Première rédaction de cet article le 16 avril 2009
Dernière mise à jour le 20 avril 2009


De nombreuses applications réseau nécessitent de contrôler étroitement le contenu du paquet IP, y compris les parties qui ne sont normalement pas accessibles aux applications. Cela peut se faire en C avec des appels adéquats à setsockopt() mais, si on veut vraiment changer la plus grande partie du paquet, il peut être plus simple de fabriquer un paquet IP entièrement « à la main » en utilisant des prises brutes (en anglais raw sockets).
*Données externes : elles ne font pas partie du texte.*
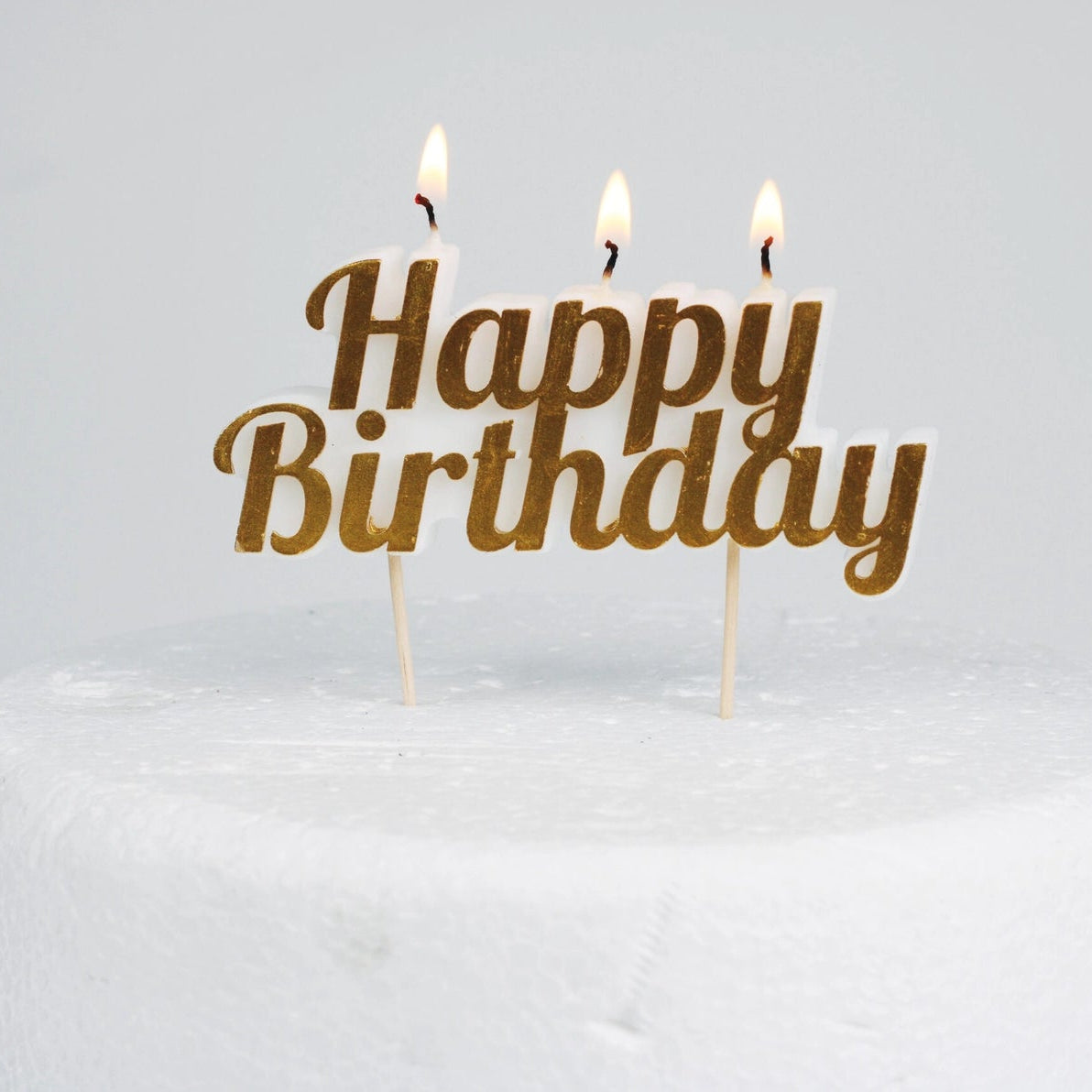 Lit Happy Birthday Cake Candle on a cake, creating a festive glow.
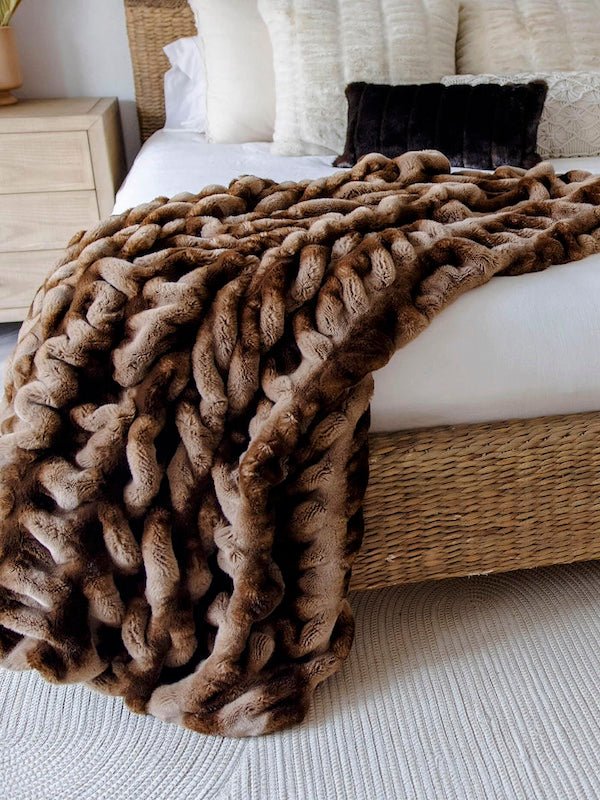 Faux Fur Blanket shown on Bed - Fabulous Furs Caramel Chinchilla Throws at Fig Linens and Home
Voyons comment on fait en IPv4 et si c'est possible en IPv6.

Un petit avertissement, cher lecteur, ce qui suit est d'assez bas niveau, au sens de « proche de la machine ». L'API des prises offre des mécanismes de programmation bien plus simples que les prises brutes. Même si on veut changer une partie de l'en-tête, par exemple le champ TTL, il existe des techniques plus simples à base de setsockopt(). Avec les prises brutes, au contraire, le noyau ne fera plus grand'chose pour vous, vous allez devoir vous débrouiller seul (prononcer le tout avec une voix sépulcrale). Considérez vous mis en garde.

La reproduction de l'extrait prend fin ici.